DATA PROVIDED:

╔══

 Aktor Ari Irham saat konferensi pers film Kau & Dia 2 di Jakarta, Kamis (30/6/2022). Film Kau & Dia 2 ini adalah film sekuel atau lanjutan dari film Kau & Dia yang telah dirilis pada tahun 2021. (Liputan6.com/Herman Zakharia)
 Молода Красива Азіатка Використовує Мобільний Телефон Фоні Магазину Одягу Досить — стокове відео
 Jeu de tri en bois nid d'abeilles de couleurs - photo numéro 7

╚══

PROBLEM: Everything in the listing is to be restated exactly.

TASK RESULT:
 Aktor Ari Irham saat konferensi pers film Kau & Dia 2 di Jakarta, Kamis (30/6/2022). Film Kau & Dia 2 ini adalah film sekuel atau lanjutan dari film Kau & Dia yang telah dirilis pada tahun 2021. (Liputan6.com/Herman Zakharia)
 Молода Красива Азіатка Використовує Мобільний Телефон Фоні Магазину Одягу Досить — стокове відео
 Jeu de tri en bois nid d'abeilles de couleurs - photo numéro 7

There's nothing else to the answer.